Every stream processor on the out there advertises itself as extensible, but in practice, extending requires adding to your own implementation of the streaming processor framework. We wanted to take a Runtime approach instead of a Framework approach, meaning the only Streamling code you need to understand is the plugin interface.

A Streamling plugin, by contrast, is a Rust crate containing a single trait to implement, which will give you the ability to implement row-based or even vectorized transforms. Running it is as simple as compiling the crate and giving a path to the Streamling execution.

Plugins pass data without copying. Normally, to pass data from one node to another in a pipeline, you have to read, deserialize, transform, serialize, and write. With Streamling, often plugins can directly write on the RecordBatch using Arrow/DataFusion, and manage any copying and transformations deliberately.

This is what makes Streamling plugins the right interface for AI agents to write code against. We have been internally generating Streamling plugins with Claude for months now. The output is under a hundred lines of Rust, it compiles on the first try most of the time, often running the plugin against the engine multiple times against real data to tune, and it runs as fast as if you wrote it right into the engine itself.

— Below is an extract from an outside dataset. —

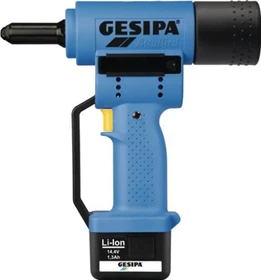 Gesipa AccuBird Pro Akku-Blindniet-Setzgerät inkl. Koffer + Akku 1.3Ah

With agents, everything can be easy, but it’s dangerously easy. Being able to isolate generated code as individual plugins that we can include at runtime allows us to have a strong level of safety and confidence. The isolated nature of each plugin allows us to ship fast and partner with our customers directly without crashing everyone else. In fact, our sales, product, and support teams have now all contributed working plugins to our codebase, often immediately in reaction to a customer ask.